Brief:
Begin your copy at the line with "Michael Kors continental wallet👝" in the records below and end it at the line with "Wuling Hongguang Mini EV — Фото автомобиля 9", restating each line word for word; omit the pictures.

Material for this task:
= = = = =

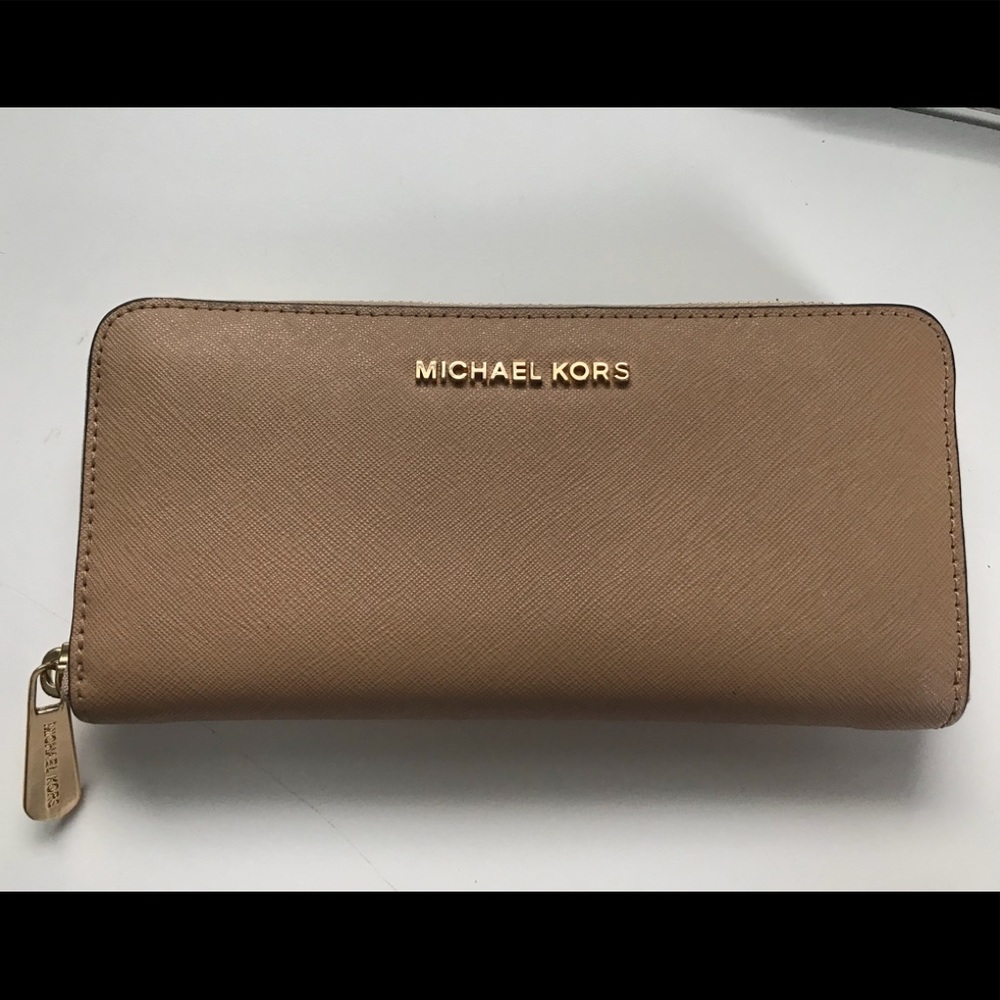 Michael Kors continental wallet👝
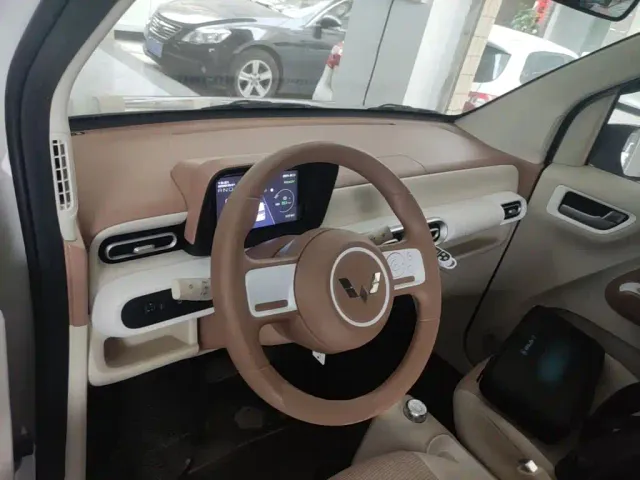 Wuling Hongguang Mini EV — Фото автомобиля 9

= = = = =

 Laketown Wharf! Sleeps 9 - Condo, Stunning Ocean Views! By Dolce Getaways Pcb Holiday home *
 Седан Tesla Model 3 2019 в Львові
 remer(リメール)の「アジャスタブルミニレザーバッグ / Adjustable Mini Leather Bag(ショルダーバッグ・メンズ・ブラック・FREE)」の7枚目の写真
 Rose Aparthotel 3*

= = = = =

Reply:
 Michael Kors continental wallet👝
 Wuling Hongguang Mini EV — Фото автомобиля 9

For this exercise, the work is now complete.